AJAIBNYA.COM – Kerajaan Mataram Kuno atau juga yang sering disebut Kerajaan Medang merupakan kerajaan yang bercorak agraris. Tercatat terdapat 3 Wangsa (dinasti) yang pernah menguasai Kerjaan Mataram Kuno yaitu Wangsa Sanjaya, Wangsa Syailendra dan Wangsa Isana.
Wangsa Sanjaya merupakan pemuluk Agama Hindu beraliran Syiwa sedangkan Wangsa Syailendra merupakan pengikut agama Budah, Wangsa Isana sendiri merupakan Wangsa baru yang didirikan oleh Mpu Sindok.
Terdapat dua sumber utama yang menunjukan berdirinya Kerajaan Mataram Kuno, yaiut berbentuk Prasasti dan Candi-candi yang dapat kita temui samapi sekarang ini. Adapun untuk Prasasti, Kerajaan Mataram Kuno meninggalkan beberapa prasasti, diantaranya:
- Prasasti Canggal, ditemukan di halaman Candi Guning Wukir di desa Canggal berangka tahun 732 M. Prasasti Canggal menggunakan huruf pallawa dan bahasa Sansekerta yang isinya menceritakan tentang pendirian Lingga (lambang Syiwa) di desa Kunjarakunja oleh Raja Sanjaya dan disamping itu juga diceritakan bawa yang menjadi raja sebelumnya adalah Sanna yang digantikan oleh Sanjaya anak Sannaha (saudara perempuan Sanna).
- Prasasti Kalasan, ditemukan di desa Kalasan Yogyakarta berangka tahun 778M, ditulis dalam huruf Pranagari (India Utara) dan bahasa Sansekerta. Isinya menceritakan pendirian bangunan suci untuk dewi Tara dan biara untuk pendeta oleh Raja Pangkaran atas permintaan keluarga Syaelendra dan Panangkaran juga menghadiahkan desa Kalasan untuk para Sanggha (umat Budha).

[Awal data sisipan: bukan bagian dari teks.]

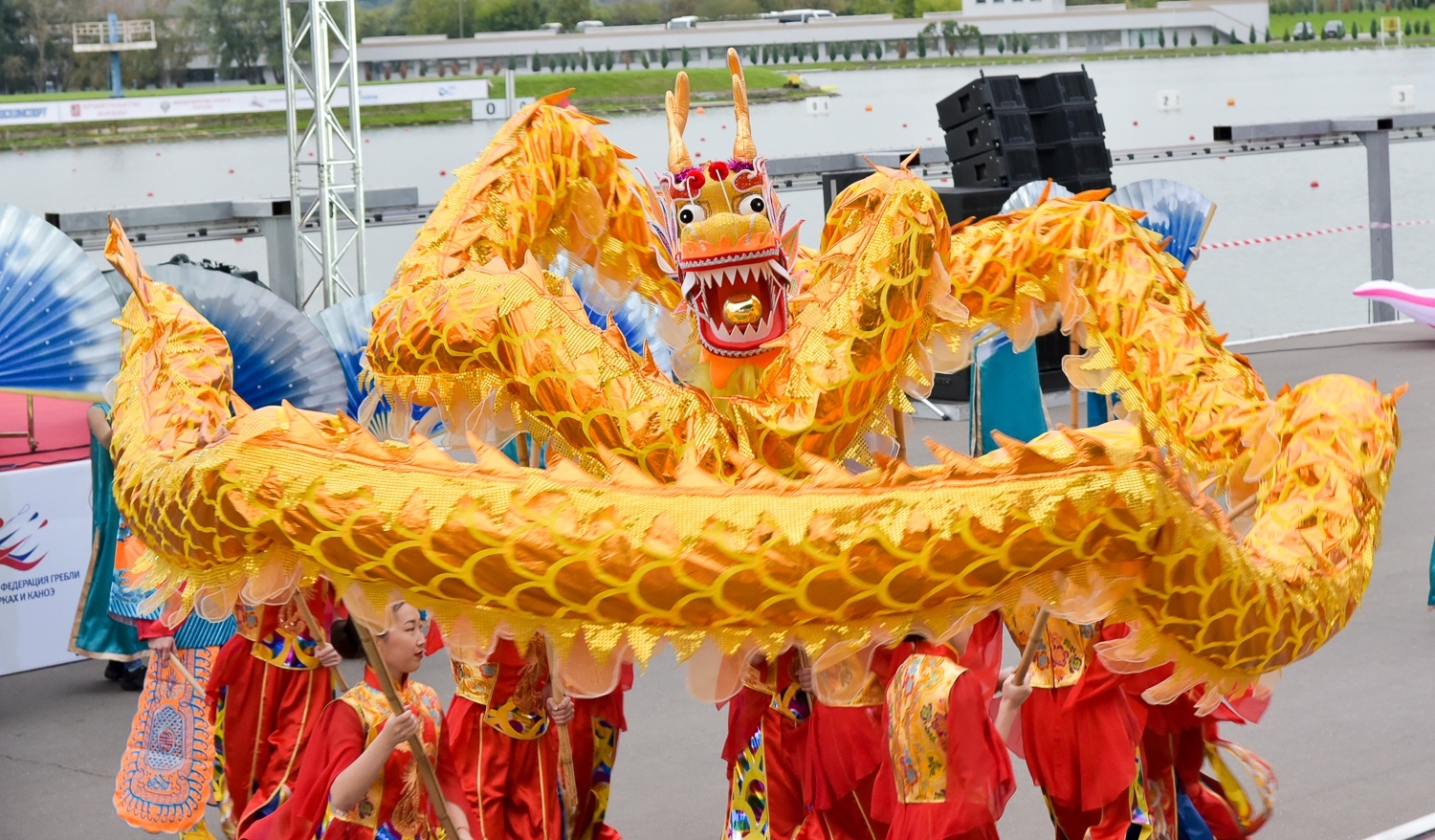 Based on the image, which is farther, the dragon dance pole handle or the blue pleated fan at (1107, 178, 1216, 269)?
the blue pleated fan at (1107, 178, 1216, 269)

- Prasasti Mantyasih, ditemukan di Mantyasih Kedu, Jawa Tengah berangka 907M yang menggunakan bahasa Jawa Kuno. Isi dari prasasti tersebut adalah daftar silsilah raja-raja Mataram yang mendahului Rakai Watukura Dyah Balitung yaitu Raja Sanjaya, Rakai Panangkaran, Rakai Panunggalan, Rakai Warak, Rakai Garung, Rakai Pikatan, rakai Kayuwangi dan Rakai Watuhumalang.
- Prasasti Klurak, ditemukan di desa Prambanan berangka 782M ditulis dalam huruf Pranagari dan bahasa Sansekerta isinya menceritakan pembuatan Acra Manjusri oleh Raja Indra yang bergelar Sri Sanggramadananjaya.
Selain Prasasti, Kerajaan Mataram Kuno juga banyak meninggalkan bangunan candi yang masih ada hingga sekarang. Candi-candi peninggalan Kerajaan Medang antara lain, Candi Kalasan, Candi Plaosan, Candi Prambanan, Candi Sewu, Candi Mendut, Candi Pawon, Candi Sambisari, Candi Sari, Candi Kedulan, Candi Morangan, Candi Ijo, Candi Barong, Candi Sojiwan, dan tentu saja yang paling kolosal adalah Candi Borobudur.
PENINGGALAN DINASTI SANJAYA
Dinasti Sanjaya bercorak Hindu berpusat di Jawa Tengah bagian utara. Berikut adalah peninggalan bangunan dari dinasti ( Wangsa ) Sanjaya.
1. Candi Prambanan
Candi Prambanan atau Candi Rara Jonggrang adalah kompleks candi Hindu terbesar di Indonesia yang dibangun pada abad ke-9 masehi. Candi ini dipersembahkan untuk Trimurti, tiga dewa utama Hindu yaitu Brahma sebagai dewa pencipta, Wishnu sebagai dewa pemelihara, dan Siwa sebagai dewa pemusnah.
Berdasarkan prasasti Siwagrha nama asli kompleks candi ini adalah Siwagrha (bahasasansekerta yang bermakna: ‘Rumah Siwa’), dan memang di garbagriha (ruang utama) candi ini bersemayam arca Siwa Mahadewa setinggi tiga meter yang menujukkan bahwa di candi ini dewa Siwa lebih diutamakan.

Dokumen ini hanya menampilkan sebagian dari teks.